First-time contribution

For RQ2c, the code for the first-time use of a method was binary-coded for each author across all papers. This involved a two-stage process: 1) identifying the method(s) used in the author’s paper, and 2) determining whether the author had used that method in any of their previous publications. The first step in the process was to identify the method(s) used in the paper. Two coders conducted a thematic analysis of the abstracts of all the papers similar to the analysis conducted for RQ1. The emerging themes for methods had substantial overlap with the topic categories identified for SDA studies within RQ1. Out of eight categories of topics that are listed in the results section, six of them showed up as method categories. The remaining SDA papers were analyzed qualitatively again, accessing the full text to identify the categories for methods used. Some examples of additional categories were sequence mining and association rule mining. As for the A/B studies, the category itself is based on a method and therefore all A/B studies were labeled as A/B testing/experimental design for their method.

To identify whether this method had been used before by the researcher, the list of publications of each author was filtered for papers before the date of the target paper. The 1st author used a script to automatically scrape the publication list from each author’s ORCID ID for the most up-to-date list, and filter out the papers published after the target paper. If ORCID ID was unavailable, the scholar’s name was searched on the web for any public record of their publications such as an institution page, personal website, or a ResearchGate or Google Scholar profile. The abstract was extracted for all the papers before the target paper date and searched for the identified method for that author. Authors were considered independently for every paper -- in other words, if an author publishes a paper using method X for the first time in 2019 and again in 2021, then they count as first time in 2019 but not in 2021. Agreement between the two coders applying the code for the first-time use of the method was acceptable, with a kappa of .74.

To analyze whether the support from ASSISTments was helpful to new researchers in joining the community, we also analyzed whether the authors of each paper were publishing in that paper’s venue (EDM, AIED, LAK) for the first time. The list of publications for each author, was used to extract the venues of all papers. A script was used to check whether each author on the paper had published at that specific conference before.

RESULTS

Published Papers

The final corpus of papers consisted of 123 papers, with 99 secondary data analysis (SDA) papers and 24 A/B testing papers. A total of 410 unique authors were identified across all publications. Figure 1 shows that (i) there was a substantial increase in SDA studies from 2019-2021, returning to pre-2019 levels in 2022. In contrast, the number of A/B studies fluctuates mildly without any drastic rise. ii) there were more SDA publications than A/B publications each year except for 2018.
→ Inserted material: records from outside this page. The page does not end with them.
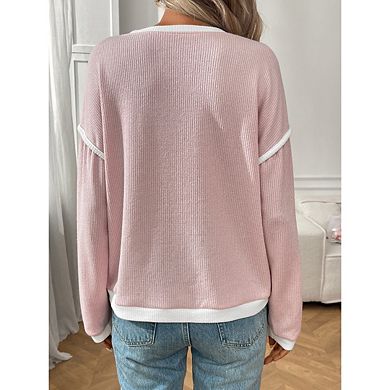 Women's Fall Fashion Crew Neck Sweaters Long Sleeve Loose Color Block Pullover Tops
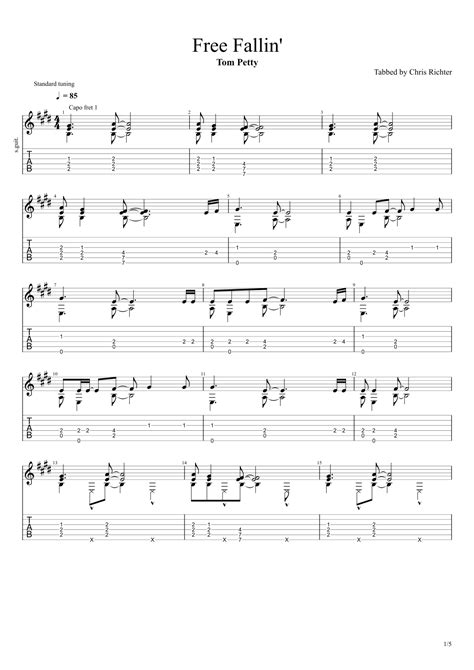 Free Fallin Arr Chris Richter By Tom Petty Sheet Music For Solo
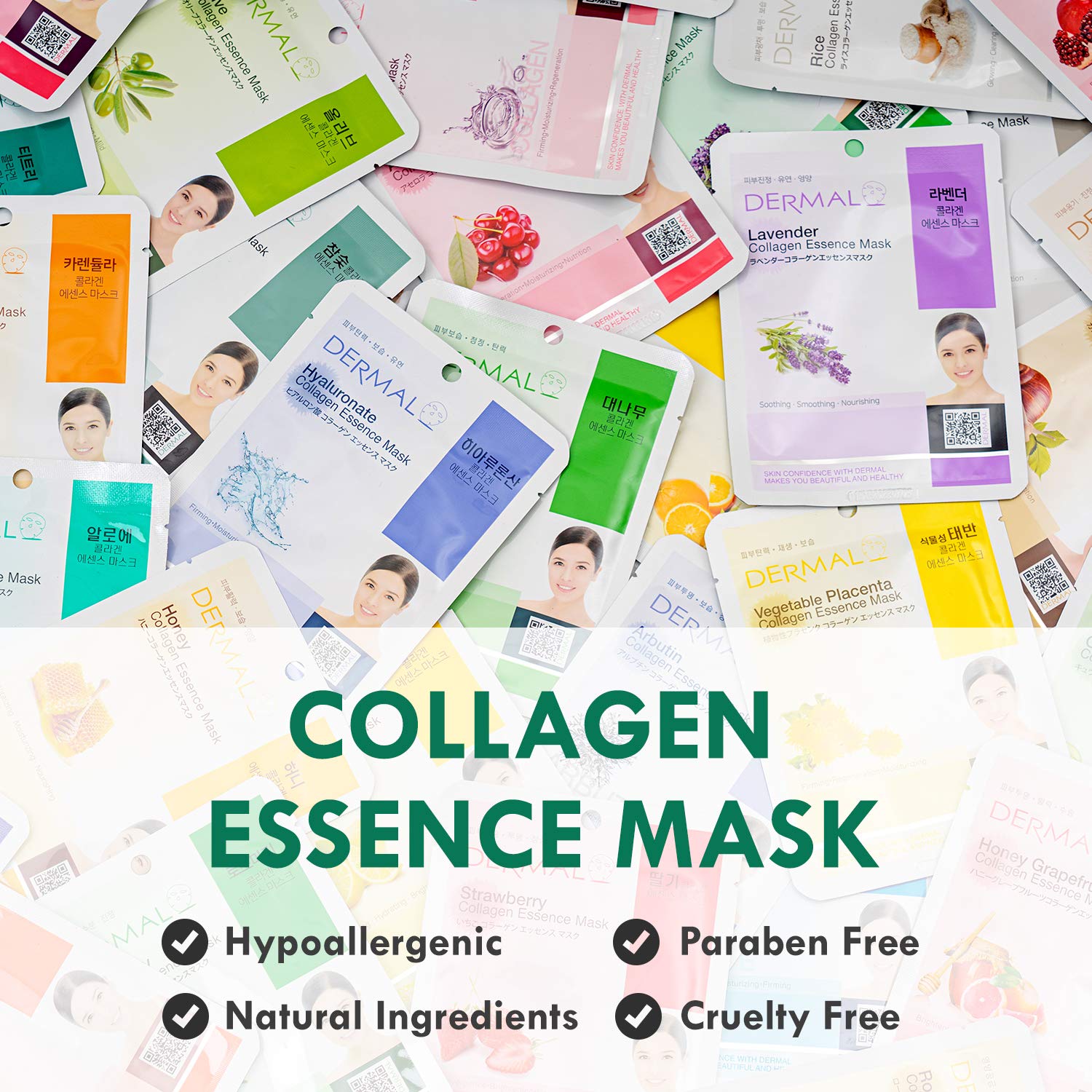 DERMAL mask variety set showing different formulas for changing skin needs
Figure 1. The number of A/B and SDA studies across years

Topics Studied

There were 12 total categories of topics identified by coders, 4 for A/B studies and 8 for SDA studies. Full descriptions of each topic are given in Appendix 1. A/B studies compare two conditions/interventions. The most common A/B topic (37.5% of A/B studies) was learning transfer and strategies, followed by 29% of papers on feedback types, hints, scaffolds, and worked examples for improving performance; 25% papers on language modification of content and format of problems; and 8% of studies testing spacing and scheduling in math problems. More than half (67%) of SDA studies involved Knowledge Tracing, followed by papers on methods of success prediction other than Knowledge Tracing (11%), and behavior detectors (7%). Reinforcement learning and NLP (natural language processing) techniques each represent 6% and knowledge structures, correlation mining, and clustering each comprised 1% of studies using ASSISTments open datasets.

Figure 2 shows that Knowledge Tracing (KT) has seen a major rise from the year 2018 with n = 1 to peaking in 2021 with n = 24. Reinforcement learning and NLP have seen a gradual increase across years, whereas success prediction and behavior detectors have had consistent popularity throughout.

Figure 2. Number of studies with different topics across years

Differences in Institutional Locations and Affiliations

All 24 A/B studies in the sample (100%) were conducted by researchers in the USA (see Figure 3), with no authors in other countries. By contrast, secondary data analysis (SDA) studies using the ASSISTments open datasets were carried out in the USA, China, Australia, Japan, India, France, South Korea, Italy, Canada, and Scotland. The largest number of SDA studies are conducted in China (44%), followed by the USA (36%). After this, a range of countries each represented 2 to 5% of the data set: Australia, India, Japan, France, Canada, South Korea, Italy, and Scotland. The relationship between geographic location (across countries) and the type of study conducted (A/B versus SDA) had a significant difference in proportions, χ2(9, N=126) = 30.6, p = .0004, adjusted α= .013, remaining significant after applying a Benjamini & Hochberg post-hoc correction collectively for all chi-square tests in this paper. These results indicate that there was a higher proportion of A/B tests in the USA than other countries (the only difference in the data set, as all other countries had a proportion of 0% A/B).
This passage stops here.